SAM integrates three primary analytical instruments into a single, complex package. A quadrupole mass spectrometer identifies and measures the masses of gases released from heated samples or directly from the atmosphere. A gas chromatograph separates complex mixtures of organic compounds before they enter the mass spectrometer, enhancing detection capabilities. A tunable laser spectrometer provides precise measurements of isotopic ratios in key atmospheric gases like carbon dioxide and methane, which are critical for understanding planetary evolution. The suite also includes a sophisticated sample manipulation system with 74 sealed cups, some containing chemical reagents for wet chemistry experiments to extract organics from minerals, and a pyrolysis oven that can heat samples to over 1000°C.

Operational history

Following the successful landing of the Curiosity rover in 2012, SAM underwent extensive checkouts and calibration before analyzing its first solid sample from the "Rocknest" aeolian bedform in late 2012. It has since analyzed dozens of drilled samples from sites like Yellowknife Bay, Pahrump Hills, and Vera Rubin Ridge.

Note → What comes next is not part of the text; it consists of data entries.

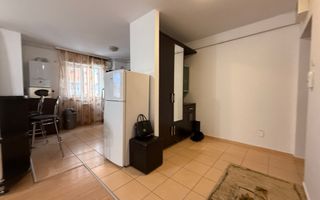 3 CAM TATARASI ETAJ 2, CENTRALA PROPRIE, 2 BAI, SUD,GREEN PARK,negocia - Poză 8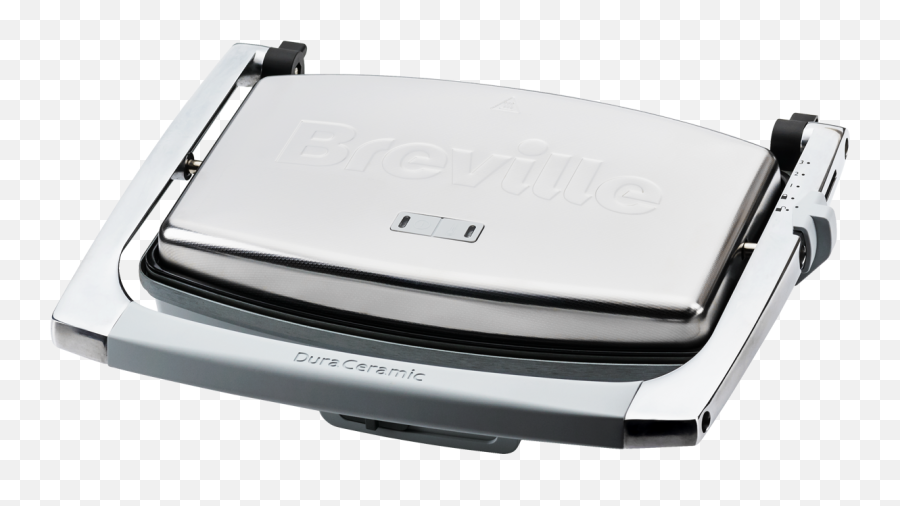 Breville duraceramic. Вафельница Breville vst072. Breville гриль.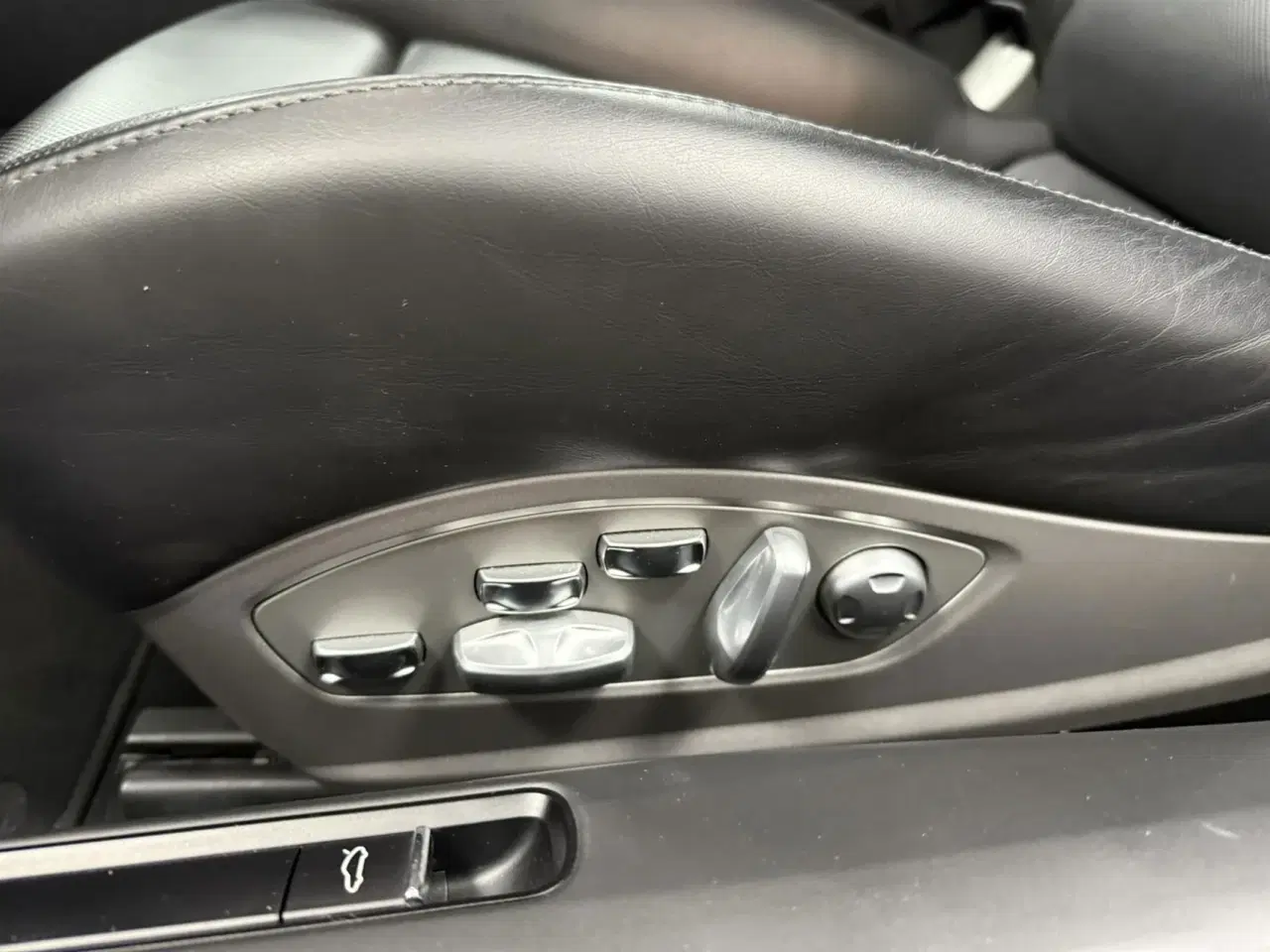 Billede 17 - Porsche 911 Carrera 4S 3,8 PDK 400HK 2d 7g Aut.
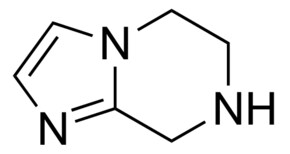 Merck 5,6,7,8-TETRAHYDROIMIDAZO[1,2-A]PY-&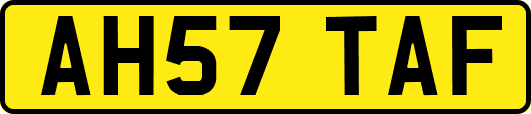 AH57TAF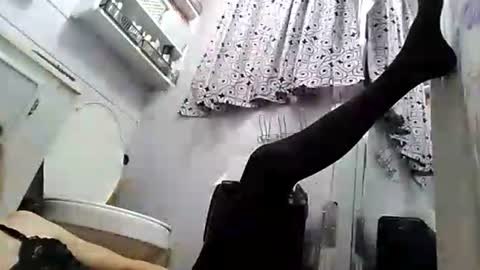 littlejay             littlejay online show from February 22, 3:03 pm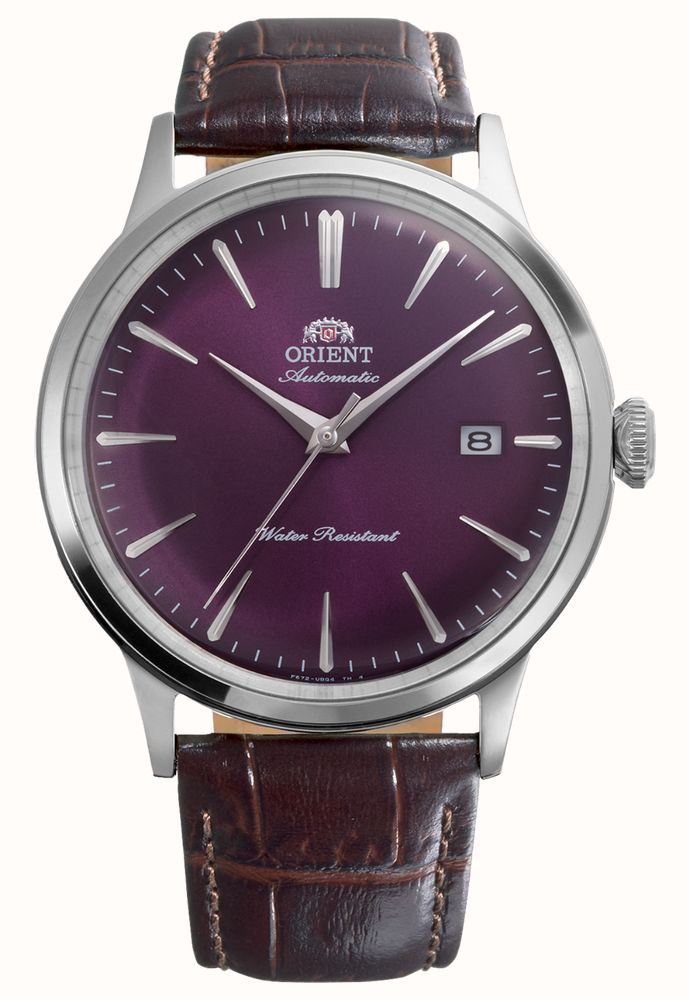 Orient RA-AC0032V30B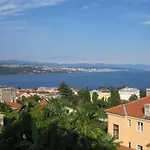 Daire Darijana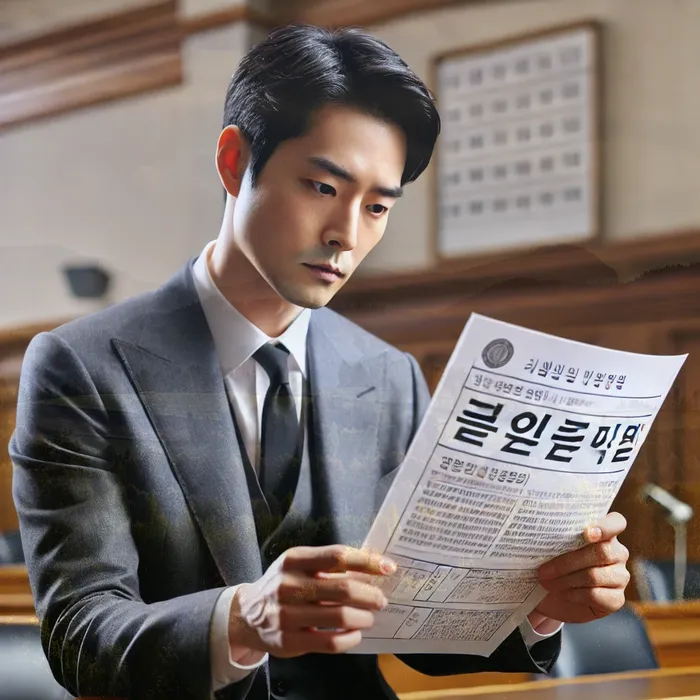 개인사업자파산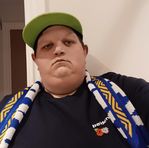 Daniel Greenaway - Facebook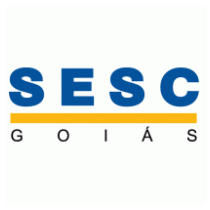 SESC Goias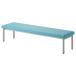  юридическое лицо sama ограничение leaf Japan диван bench новый Basic bench W1800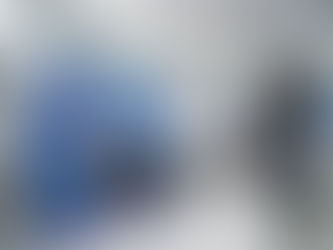 Refuerza IMSS en Jalisco proyectos que permitirán mejorar sus servicios de salud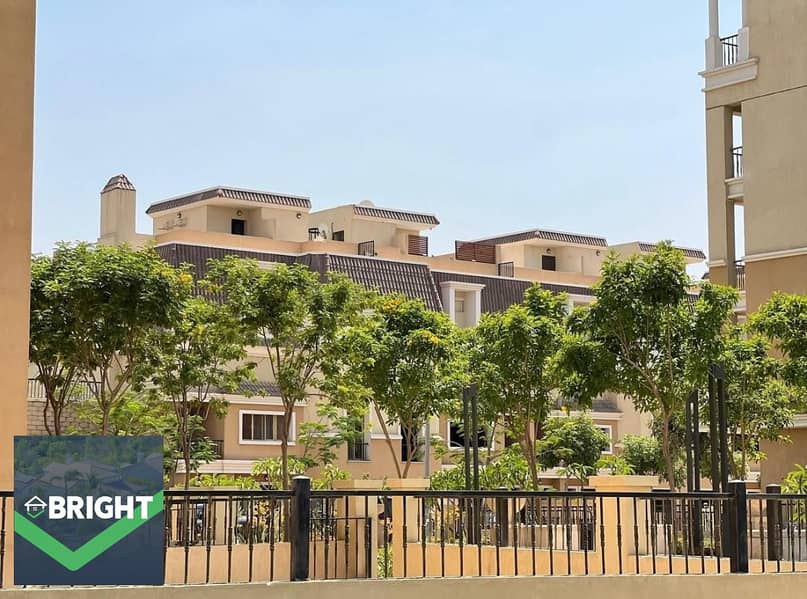 7 WhatsApp Image 2025-10-16 at 2.32. 30 PM (1). jpeg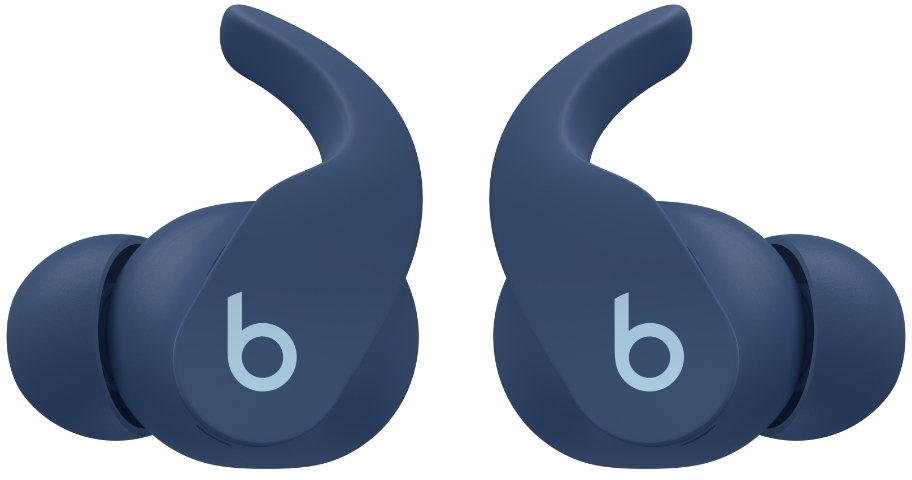 【suichizoku】Beats Fit Pro Belaidės ausinės Beats Fit Pro True Wireless Earbuds — Beats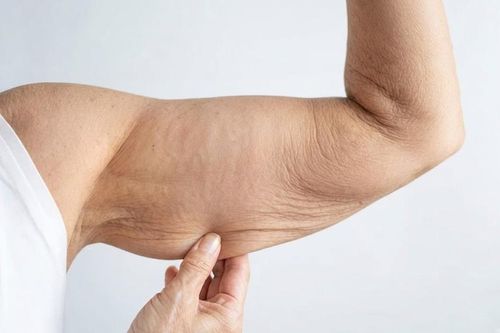 Sau tuổi 60, tập sức mạnh bao nhiêu mỗi tuần để cơ bắp không nhão?
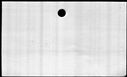 00387282.jpg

The instrument has also conducted numerous atmospheric analyses, monitoring seasonal changes and conducting enrichment experiments to detect trace gases. Operations have required careful planning by the science team at the Jet Propulsion Laboratory to manage the instrument's finite supply of consumables, such as the chemical derivatization reagents. Despite minor anomalies, SAM has functioned exceptionally well, far exceeding its primary mission duration.

Results and discoveries

SAM's findings have fundamentally advanced the understanding of Martian habitability. It detected simple chlorinated organic compounds in ancient mudstones at Yellowknife Bay, demonstrating that organic matter can be preserved in billion-year-old rocks. Measurements of isotopic ratios in the atmosphere have provided constraints on the historical loss of the Martian atmosphere to space. Crucially, SAM identified a repeating seasonal cycle of background methane levels in the atmosphere, with occasional significant spikes, pointing to active, though as yet unexplained, subsurface release mechanisms. The suite has also characterized the mineralogy of samples, identifying compounds like calcium sulfate and nitrates, and provided evidence for ancient freshwater lakes in Gale crater that offered chemically favorable conditions for life.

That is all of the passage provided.